Although economically governed by the restrictive Jim Crow Laws, from the 1920's through the 1940's Sweet Auburn Avenue was at the height of its social vigor and the present day buildings reflect this energy. After this golden era, the west side of Atlanta around the Atlanta University Center became a more fashionable area to locate an African American business or residence. Desegregration in the 1960's furthered an exodus of people and energy from the area, leaving the street somewhat depopulated as it is today.

A passage from Where Peachtree Meets Sweet Auburn by Gary Pomerantz pages 123-124, describes Auburn Avenue between 1924 and 1938, through the viewpoint of "Mayor" John Wesley Dobbs (also called "The Grand"):
Dobbs believed there was magic in Auburn Avenue, especially in that two-block stretch between Piedmont Avenue and Butler Street (now Jesse Hill Street). When Blacks spoke of Auburn, that's what they meant: the churches, clubs, barbershops, shoeshines, small businesses, restaurants and banks between the Rucker Building and the Yates and Milton Drugstore.
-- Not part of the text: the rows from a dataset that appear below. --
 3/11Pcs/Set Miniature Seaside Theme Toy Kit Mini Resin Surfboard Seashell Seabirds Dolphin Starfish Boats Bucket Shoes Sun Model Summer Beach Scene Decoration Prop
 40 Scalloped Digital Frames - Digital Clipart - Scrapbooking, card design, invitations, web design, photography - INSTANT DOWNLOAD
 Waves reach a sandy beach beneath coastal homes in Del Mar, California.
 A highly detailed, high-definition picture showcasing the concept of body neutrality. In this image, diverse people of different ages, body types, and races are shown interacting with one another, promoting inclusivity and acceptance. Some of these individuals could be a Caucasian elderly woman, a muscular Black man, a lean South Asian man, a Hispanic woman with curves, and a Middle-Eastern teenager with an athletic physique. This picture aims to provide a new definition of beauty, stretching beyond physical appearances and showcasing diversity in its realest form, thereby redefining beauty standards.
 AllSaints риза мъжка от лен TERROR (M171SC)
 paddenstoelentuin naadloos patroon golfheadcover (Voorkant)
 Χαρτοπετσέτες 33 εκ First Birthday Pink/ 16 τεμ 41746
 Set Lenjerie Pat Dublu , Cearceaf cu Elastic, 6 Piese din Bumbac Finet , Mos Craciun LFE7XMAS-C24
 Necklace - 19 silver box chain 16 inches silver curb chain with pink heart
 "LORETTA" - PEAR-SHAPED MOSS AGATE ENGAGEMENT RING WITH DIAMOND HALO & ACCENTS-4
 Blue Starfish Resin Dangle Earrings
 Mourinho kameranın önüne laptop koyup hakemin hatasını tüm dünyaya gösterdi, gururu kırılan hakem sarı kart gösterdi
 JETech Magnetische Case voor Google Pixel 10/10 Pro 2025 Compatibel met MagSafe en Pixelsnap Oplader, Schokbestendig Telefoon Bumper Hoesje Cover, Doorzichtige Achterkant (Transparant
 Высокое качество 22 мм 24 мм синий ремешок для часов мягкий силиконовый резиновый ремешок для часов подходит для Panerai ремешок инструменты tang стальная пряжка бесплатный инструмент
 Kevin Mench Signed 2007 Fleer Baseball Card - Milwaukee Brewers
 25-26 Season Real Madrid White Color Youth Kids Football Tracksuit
Once it had been called Wheat Street, but in 1893 white residents successfully petitioned the city council to change it to Auburn Avenue, convinced it had a more stylish sound. By the 1930s some called Auburn the "Black Peachtree," though, physically, that was a bit of a stretch since Peachtree wound north of the city and continued for many miles. In its entirety, Auburn Avenue ran little more than a mile and a half. Yet even as developer Hermon Perry triggered a housing boom for blacks on the west side, Auburn remained the spiritual center of black Atlanta. The three legged stool of black finance the Citizens Trust Bank (of which Dobbs was among the original directors), Mutual Federal Savings & Loan and Alonzo Herndon's Atlanta Life Insurance Company was located on Auburn. To walk the Avenue on any summer evening was to experience the vitality of black life in the city: the sounds of ragtime from the Top Hat, the smell of fried chicken from Ma Suttons and the constant hum of animated street chatter. It became the place for black dreamers. You knew you had arrived on the Avenue once you had your own pulpit or your own cornerstone. Henry Rucker, Alonzo Herndon and Benjamin J. Davis already had erected buildings on Auburn and soon Dobbs would have his.

"Sweet Auburn Avenue" is what the Grand began to call it, in honor of the timeless Oliver Goldsmith poem from 1770, "The Deserted Village.

Sweet Auburn! loveliest village of the plain, Where health and plenty cheer'd the laboring swain…

Money made the Avenue sweet, Dobbs said, and through voter registration he would make it even sweeter.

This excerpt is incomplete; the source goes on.